▶ What the task asks
Your output should be everything below from the line containing "CONCENTRATION（英语单词）_百度百科" down to the line containing "Keep Calm and", both ends included, copied exactly, with pictures left out.

▶ Records supplied
○ ○ ○ ○ ○
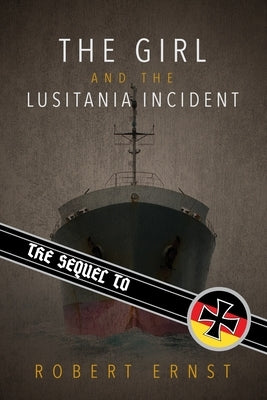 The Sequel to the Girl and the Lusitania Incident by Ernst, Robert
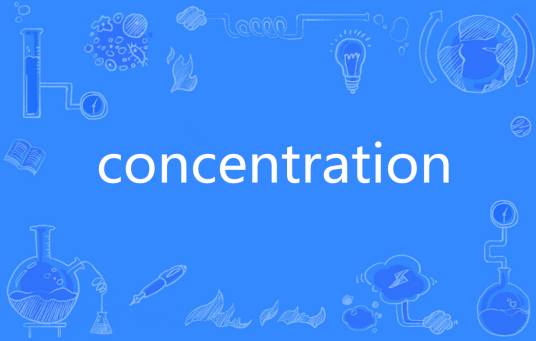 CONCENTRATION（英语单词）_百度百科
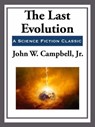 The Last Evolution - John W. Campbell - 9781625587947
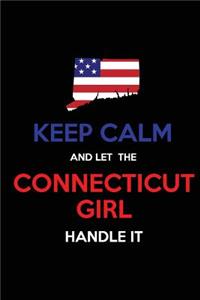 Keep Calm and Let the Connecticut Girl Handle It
○ ○ ○ ○ ○
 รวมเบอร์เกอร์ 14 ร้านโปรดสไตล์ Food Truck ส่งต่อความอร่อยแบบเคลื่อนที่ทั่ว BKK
○ ○ ○ ○ ○
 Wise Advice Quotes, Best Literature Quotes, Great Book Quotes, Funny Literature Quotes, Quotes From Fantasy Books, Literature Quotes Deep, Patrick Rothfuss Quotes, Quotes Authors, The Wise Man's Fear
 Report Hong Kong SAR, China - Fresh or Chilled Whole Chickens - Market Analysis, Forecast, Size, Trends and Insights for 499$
○ ○ ○ ○ ○
▶ Answer section
 CONCENTRATION（英语单词）_百度百科
 The Last Evolution - John W. Campbell - 9781625587947
 Keep Calm and Let the Connecticut Girl Handle It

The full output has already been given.